Budka o sprawie Gawłowskiego: Nie chodziło i nie chodzi o to, by wyjaśnić sprawę karną

Byliśmy przekonani, że po tym jak media ujawniły totalną kompromitację prokuratury i plagiat wniosku, który został złożony w Sejmie, że prokuratura wycofa się z ten hańbiący i kompromitujący ją wniosek. To uwłacza powadze tej izby, by posłowie zajmowali się czymś, co może być uznane za przedmiot przestępstwa. To jest potwierdzone w wielu ekspertyzach prawnych, w tym tej wykonanej na zlecenie BAS. Potwierdzono, że prokurator nie ma prawa bez podania autora korzystać z cudzych utworów, z komentarzy, tak jak zrobiono to w tym wniosku. Próbuje się posłów na Sejm uczynić współsprawcami. Narusza się powagę tej izby, ale przede wszystkim ta sprawa pokazuje, że absolutnie nie chodziło i nie chodzi o to, by wyjaśnić jakąkolwiek sprawę karną. Chodziło i chodzi o to, by w sposób polityczny przykryć inne sprawy, które w tej chwili są przedmiotem zainteresowania opinii publicznej. Nie bez przyczyny wniosek znalazł się w Sejmie tuż po tym jak doszło do kompromitujących zachowań senatorów PiS w sprawie pana senatora Koguta. Nie bez przyczyny komisja obraduje teraz, gdy opinia publiczna jest zbulwersowana kolejnymi informacjami o nagrodach, które sami sobie przyznawali posłowie i działacze PiS, w tym premier Beata Szydło” – mówił na konferencji prasowej w Sejmie Borys Budka z PO.

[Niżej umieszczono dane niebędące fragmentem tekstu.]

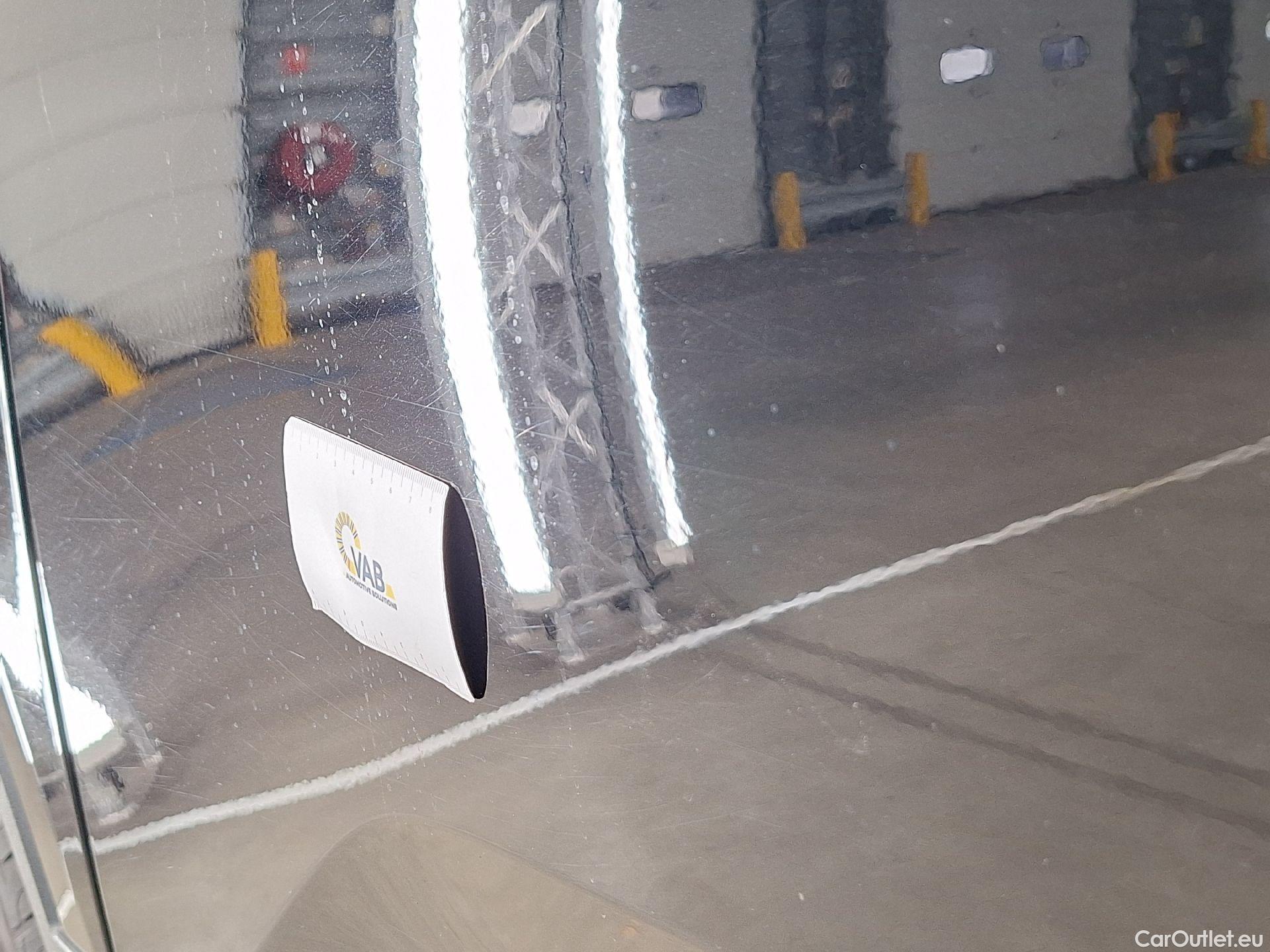  Volvo  XC 40 Volvo, XC40 '17, Volvo XC40 T2 Momentum Core 5d #14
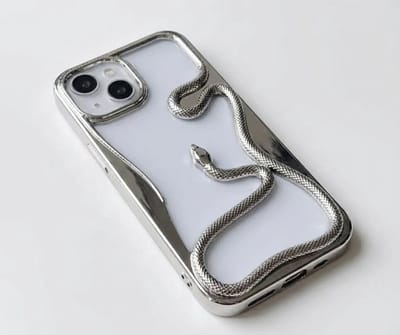 Zilverkleurig transparant telefoon hoesje geschikt voor iPhone 13 – backcover met 3D slang detail, zacht TPU softcase met verhoogde rand en elektroplating afwerking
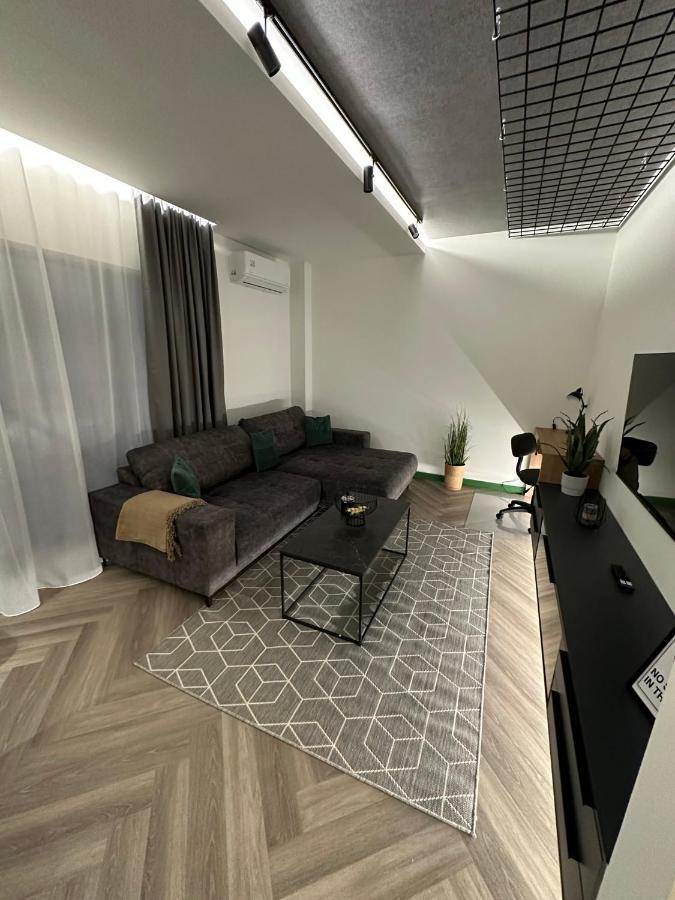 Luxury By The Lake Ap 28 سيبيو المظهر الخارجي الصورة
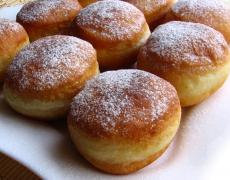 Toate gospodinele au greșit până acum! INGREDIENTUL BANAL care face gogoşile pufoase şi nemaipomenit de gustoase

Nie rozmawiam, nie pytam, nie sprawdzam. Mam przeświadczenie, że to jest sprawa polityczna. Jeżeli tak jest, to będzie dyspozycja i odpowiedni nacisk na to, żeby odpowiednio głosować, ale nie wiem jak będzie. Zakładam, że wśród posłów PiS-u są posłowie przyzwoici i widzą, że ten materiał, sporządzony przez prokuraturę, jest od początku do końca oparty na fałszywych przesłankach” – dodawał Stanisław Gawłowski, pytany o to, jakiego wyniku głosowania się spodziewa.